The opening of Mediterranea seems more like a monster-of-the-week story or an adventure of the moment tale. That doesn’t make it bad, but the isolation undermines the impetus the first two chapters delivered.
A Master Auraki consults a mage to locate an oracle and our heroines Alonisso and Eleni investigate an odd realm populated by an abundance of women and a scarcity of men, writers Guilliano Monni and Alessandro Cenni marginalize the malevolent angel women that attacked our heroines in the premiere. They do revisit these creatures, but the lion’s share of the book involves a reversal of fortune for the men of Lemnos, now the objects of purchase for women.
Gender reversal for the world’s oldest profession is an interesting start, but it’s just that. A start. There’s not enough expansion and incorporation of other elements into the central theme. Perhaps, Monni and Cenni will build on the idea.
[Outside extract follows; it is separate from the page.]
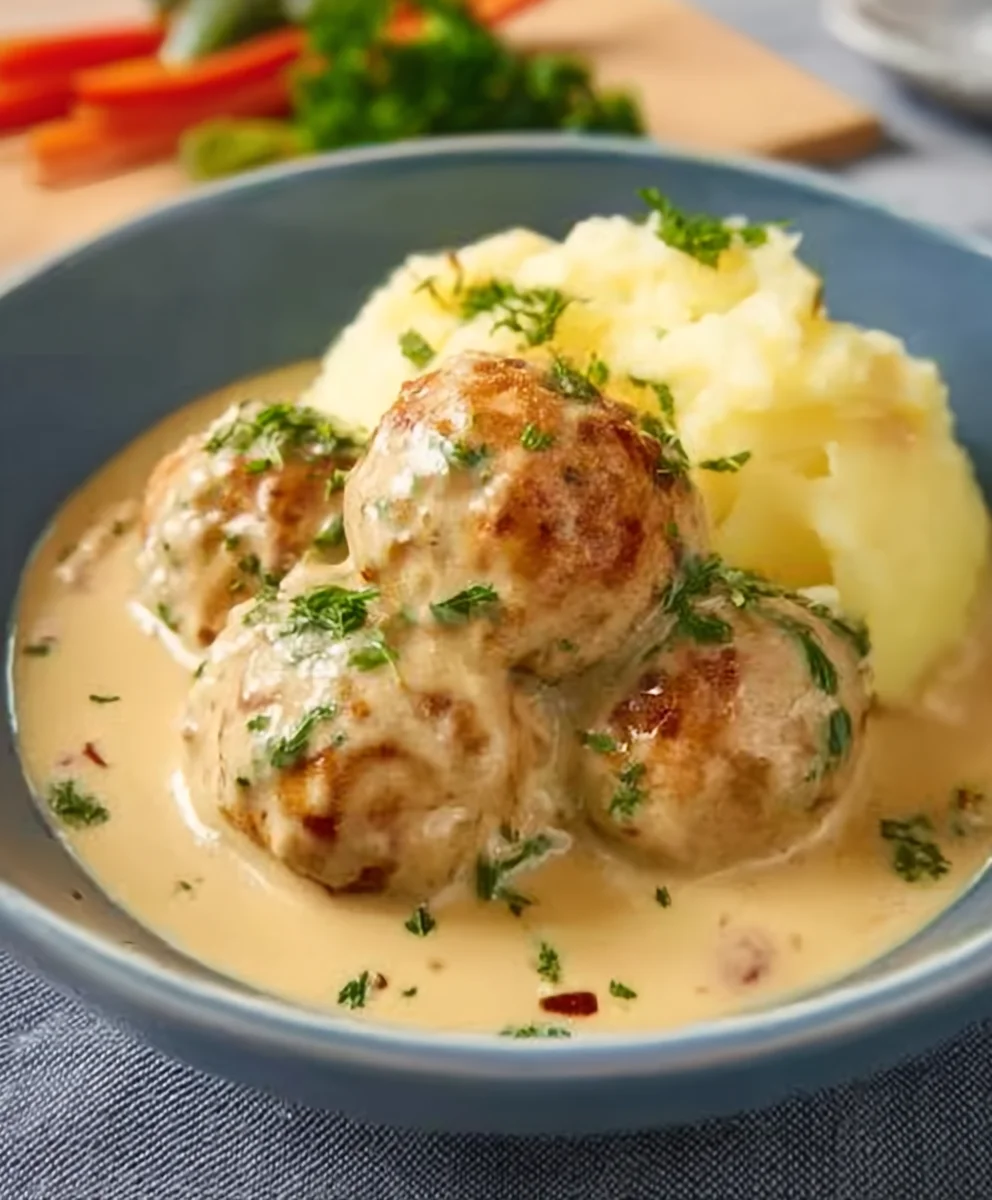 Herzhafte Rinderhackbällchen mit cremiger Sauce & Püree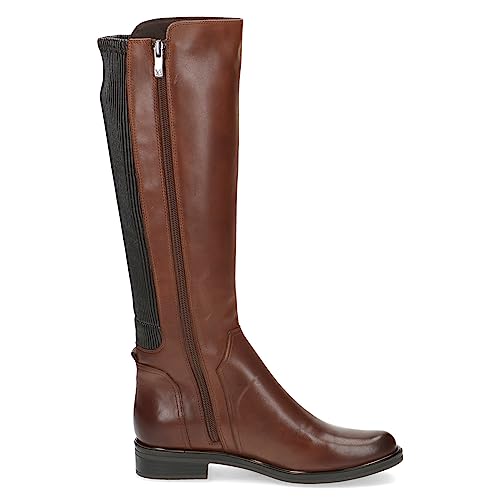 CAPRICE Damen Hohe Stiefel mit Absatz mit Reißverschluss Elegant, Braun (Cognac Comb), 38 EU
While there’s some humor in Auraki’s visit with a mage, his consultation with a Titan housing an oracle stone doesn’t really seem necessary. It’s pretty. The Titan’s an impressive beast, but that’s about it.
This issue still bears Mediterranea’s strengths: gorgeous artwork, with a kind of Disney-for-adults design and an engaging cast, but the story strays, and both directions lack cohesiveness.